One of the foremost challenges for the blues today concerns how to make the music relevant for young people. This is of particular concern in the Mississippi Delta, where the blues is both our cultural heritage and a driver of the economy. Pursuing awareness of these issues and developing effective strategies is a central goal of the International Delta Blues Project’s Blues Leadership Incubator program, which is housed in The Delta Center for Culture and Learning at Delta State University. This series of free public workshops, lectures, and events inspire Mississippi Delta residents, particularly youth, to consider how Blues tourism, arts, culture, and creativity can lead to economic opportunity.

A major impediment is simply that blues is, to a large degree, a historical music. The blues is thought to have emerged around 1900, and achieved commercial popularity soon thereafter. It remained a dominant form of African American popular music until the early 1960s, when it was largely surpassed by soul music. 

While the blues remains popular today among certain discrete audiences—notably, a largely white one for traditional blues, and a largely African American one for “soul blues” or “southern soul”—it’s generally not a music with which young people are actively engaged, either negatively or positively.  
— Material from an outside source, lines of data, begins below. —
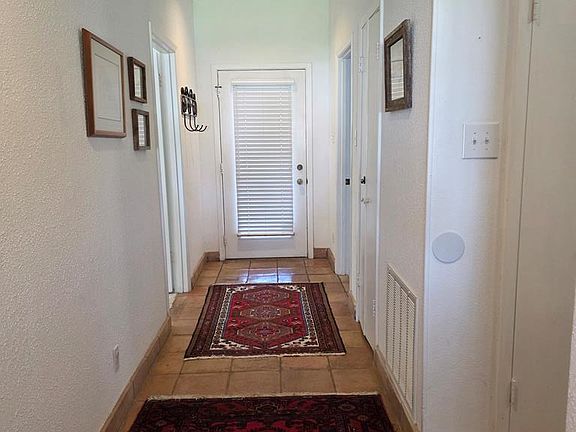 5th image of 220-4 E Riverhill Club Ln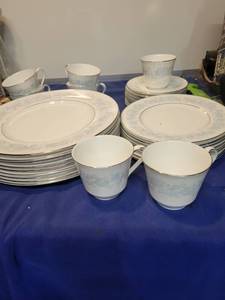 lot 5494 image: 32 pieces of English fine bone China meadow mist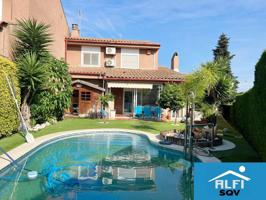 Casa en venta en Sant Quirze del Vallès photo 0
This “problem” isn’t particular to the blues, as older people often lament the tastes of youth. But if we hope to get young people to engage with the music for purposes of economic growth and in developing a deeper sense of place, what strategies might we employ?

Take Me to the River

An interesting case of attempting to bridge the musical gap between generations is depicted in the documentary “Take Me to the River,” which pairs hip-hop artists together with soul and blues veterans for unique takes on soul classics. It was filmed in Memphis’ historic Royal Studios, where Al Green cut his biggest records for the late producer Willie Mitchell. The intergenerational theme is heightened by the fact that Mitchell’s son, Lawrence “Boo” Mitchell, now runs the studio, and was awarded the 2016 GRAMMY Record of the Year for his production of the Mark Ronson/Bruno Mars hit “Uptown Funk.”

An educational program associated with the film is currently touring the country, and on October 12 stopped in Cleveland at the GRAMMY Museum Mississippi. The evening began with presentations by students from the Rosedale Freedom Project and Delta Hands for Hope of Shaw who are engaged with oral history and photography projects funded by grants from the Mississippi Delta National Heritage Area. 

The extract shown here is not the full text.